Zhang Shuhong, Zheng Yuanyuan, Liu Weihua, Yu Xiaomeng
Department of Pathology, Beijing Friendship Hospital, Capital Medical University Beijing, China.
Int J Clin Exp Pathol. 2015 Feb 1;8(2):2153-8. eCollection 2015.
Primary angiosarcoma of the pleura is an extremely rare malignancy. Herein, we report the case of an elderly Chinese patient with primary left pleural epithelioid angiosarcoma. The 76-year-old man presented with a 4-month history of a cough with sputum expectoration and weight loss of 4 kg within one month. A chest scan showed a massive oval-shaped mass in the left pleural cavity. We then performed a left thoracotomy for tumor resection and surgical exploration. Histological examination of the resected specimen showed few viable tumor cells with significant atypia; tumor cells had large nuclei and prominent nucleoli and were arranged in a crack-like, sheeted pattern. Moreover, there was a significant amount of fibrinous exudates, hemorrhage, degeneration, and necrosis. With immunohistochemical analysis, tumor cells had strong expression of CD31, CD34, FLI-1, vimentin. Morphological and immunohistochemical findings supported the diagnosis of epithelioid angiosarcoma.
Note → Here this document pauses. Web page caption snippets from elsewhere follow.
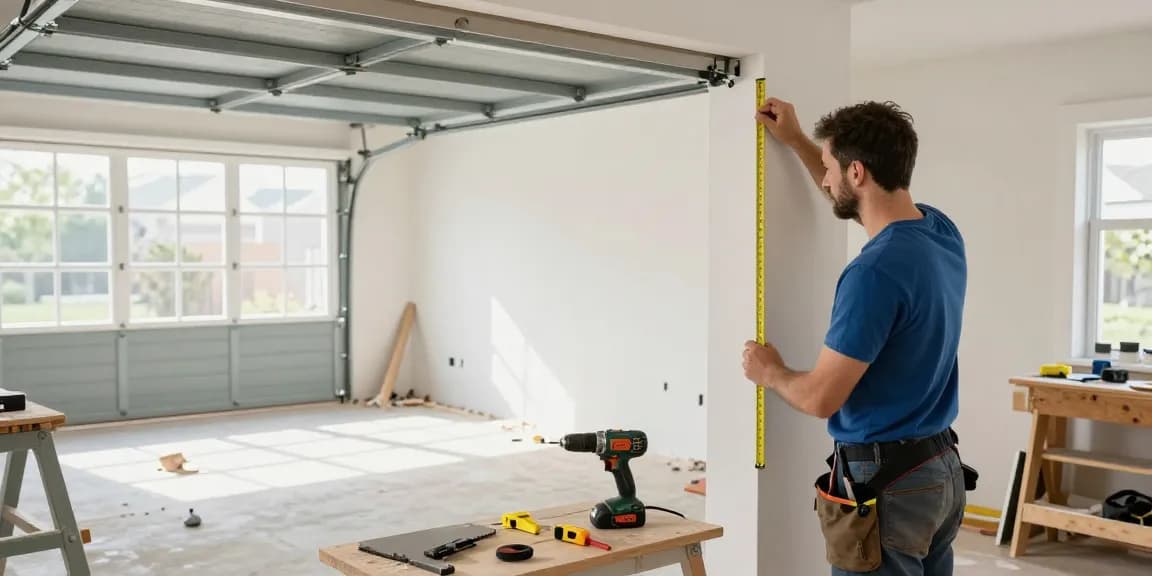 Garage conversion builder measuring space during renovation project in bright setting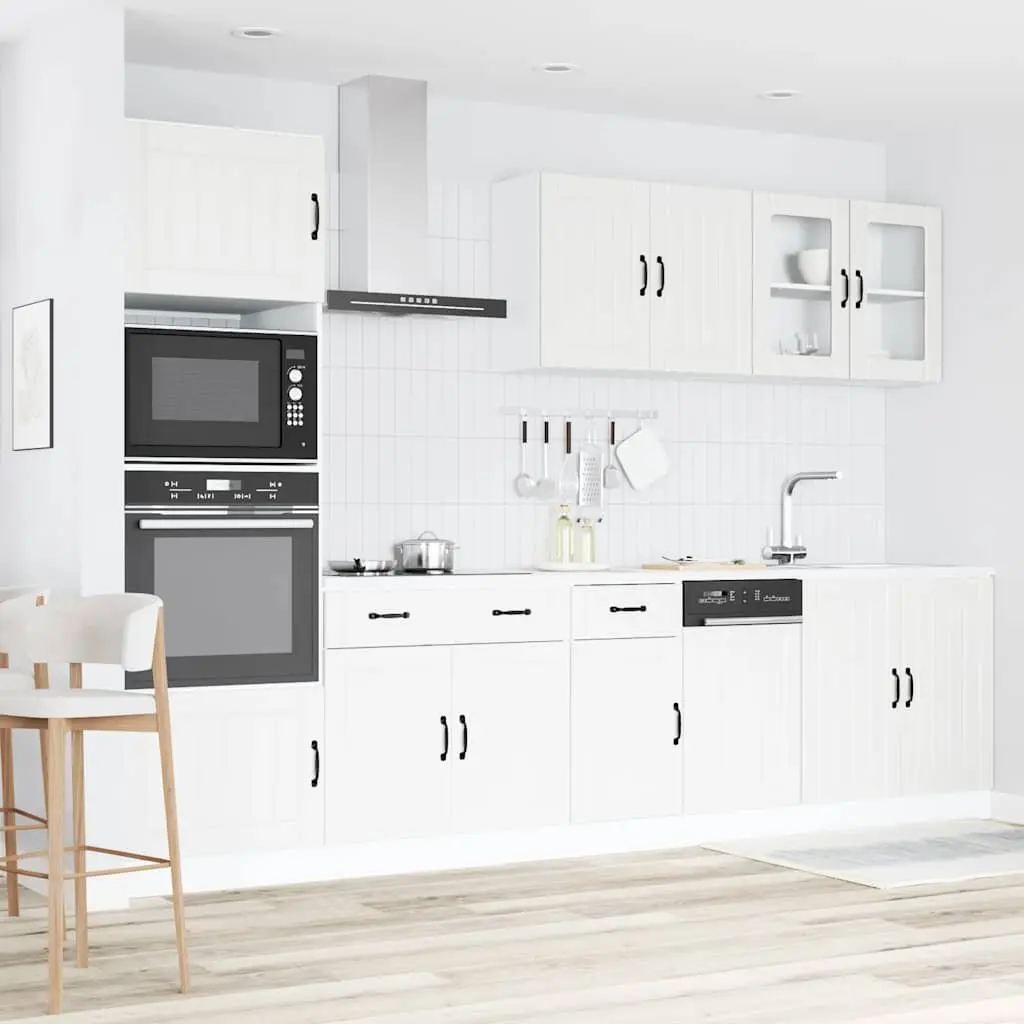 7 Piece White Kitchen Cabinet Set with Adjustable Feet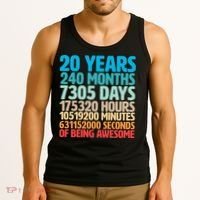 20 Years Of Being Awesome 20th Birthday Time Breakdown Tank Top thumb 3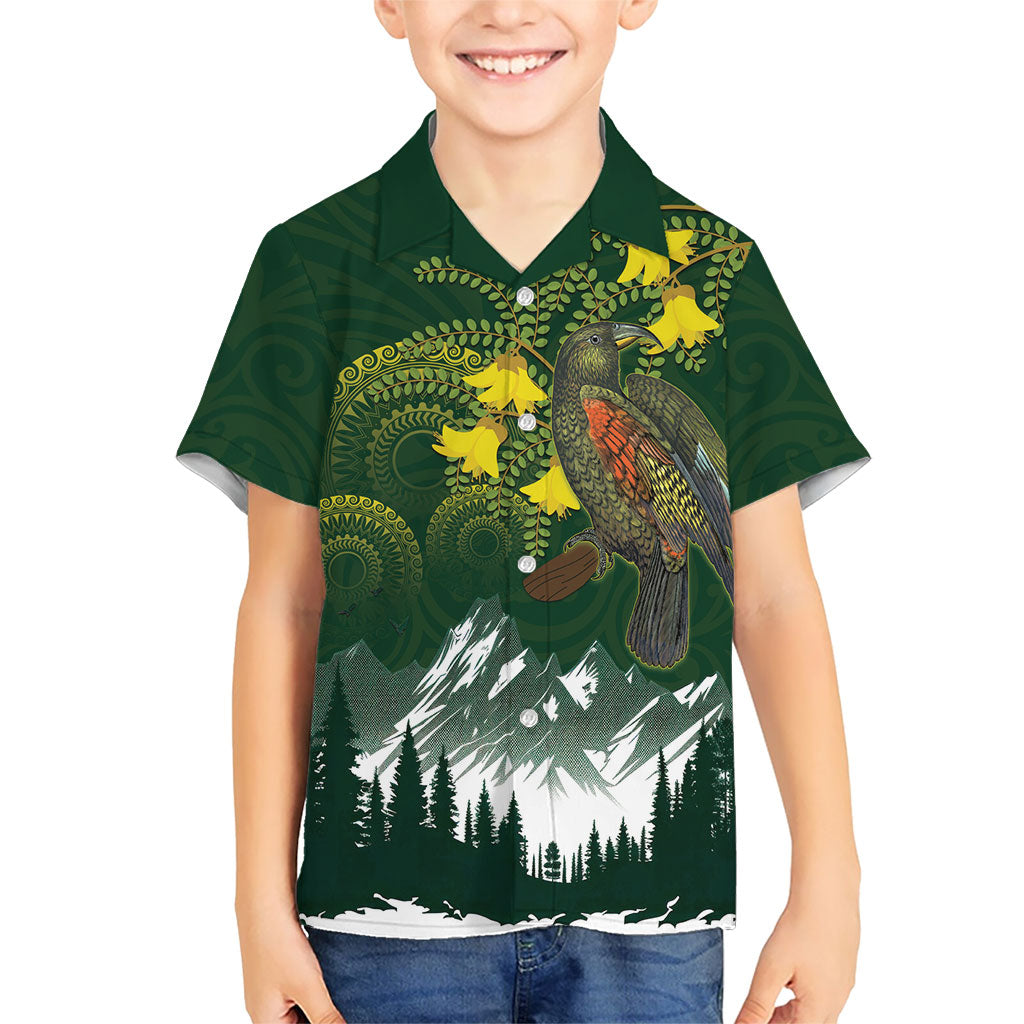 Kea Bird Kowhai New Zealand Family Matching Puletasi and Hawaiian Shirt Mountain Landscape Maori Art LT22 Son's Shirt Green - Polynesian Pride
原发性胸膜血管肉瘤是一种极其罕见的恶性肿瘤。在此,我们报告一例老年中国患者的原发性左胸膜上皮样血管肉瘤病例。该76岁男性患者有4个月咳嗽咳痰病史,且在1个月内体重减轻了4千克。胸部扫描显示左胸腔有一个巨大的椭圆形肿块。随后我们进行了左胸切开术以切除肿瘤并进行手术探查。对切除标本的组织学检查显示,存活的肿瘤细胞很少,且有明显异型性;肿瘤细胞核大,核仁突出,呈裂隙状、片状排列。此外,还有大量纤维蛋白渗出物、出血、变性和坏死。免疫组化分析显示,肿瘤细胞CD31、CD34、FLI-1、波形蛋白呈强表达。形态学和免疫组化结果支持上皮样血管肉瘤的诊断。